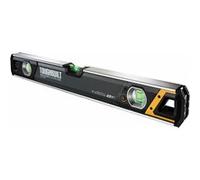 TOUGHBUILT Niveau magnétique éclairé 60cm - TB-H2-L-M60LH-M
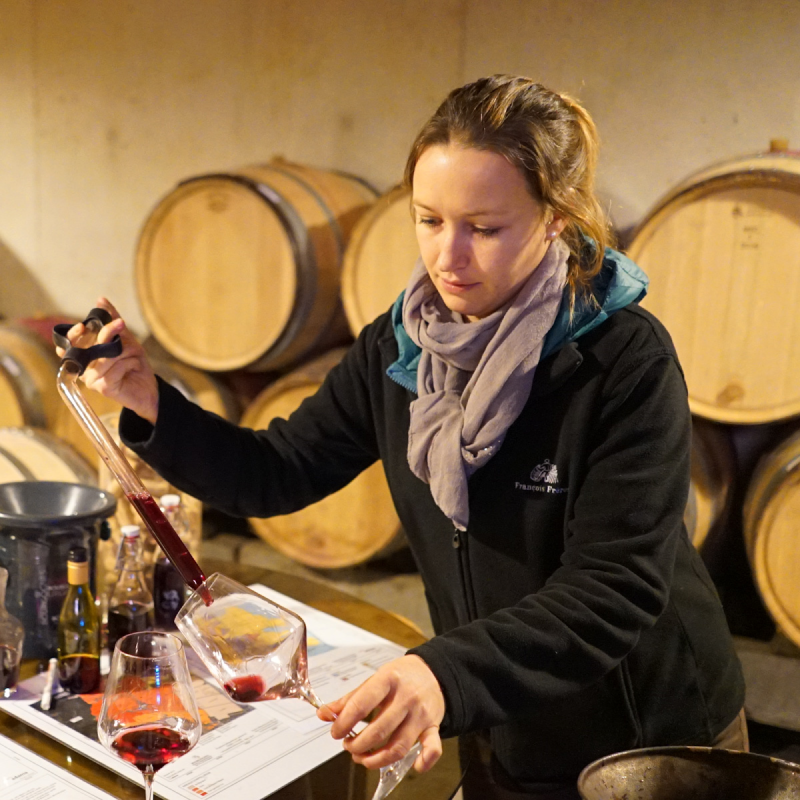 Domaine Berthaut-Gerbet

...

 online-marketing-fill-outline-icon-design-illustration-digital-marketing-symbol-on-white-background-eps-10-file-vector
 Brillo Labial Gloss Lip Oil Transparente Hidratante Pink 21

--

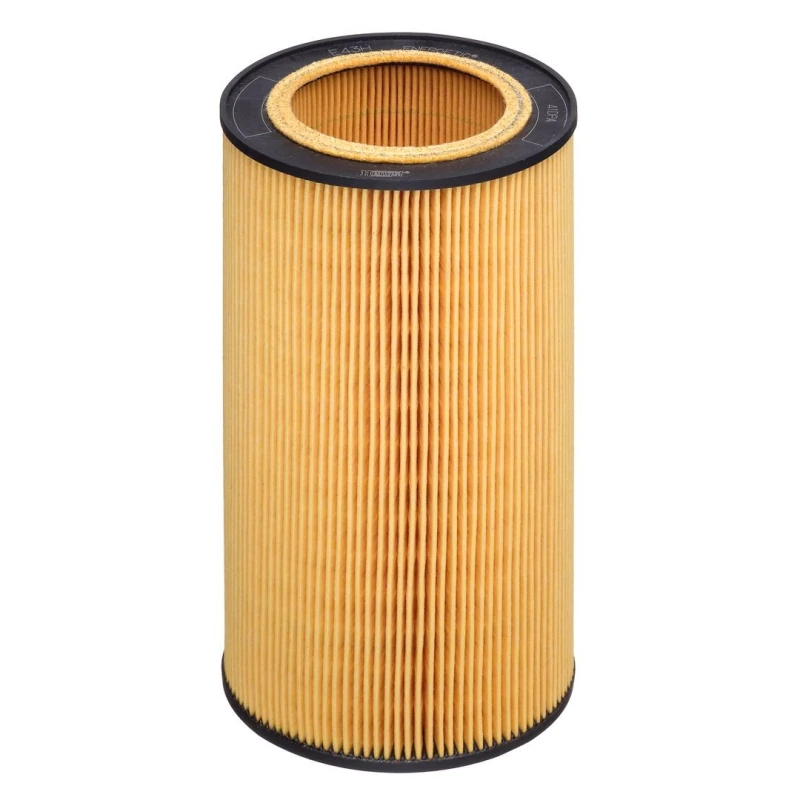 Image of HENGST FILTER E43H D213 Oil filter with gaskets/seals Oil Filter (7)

WHAT YOU NEED TO DO: In the listing above, find the line with "TOUGHBUILT Niveau magnétique" and the line with "Domaine Berthaut-Gerbet". Copy exactly those two and every line between, without the pictures.

RESULT OF THE EXERCISE:
 TOUGHBUILT Niveau magnétique éclairé 60cm - TB-H2-L-M60LH-M
 Domaine Berthaut-Gerbet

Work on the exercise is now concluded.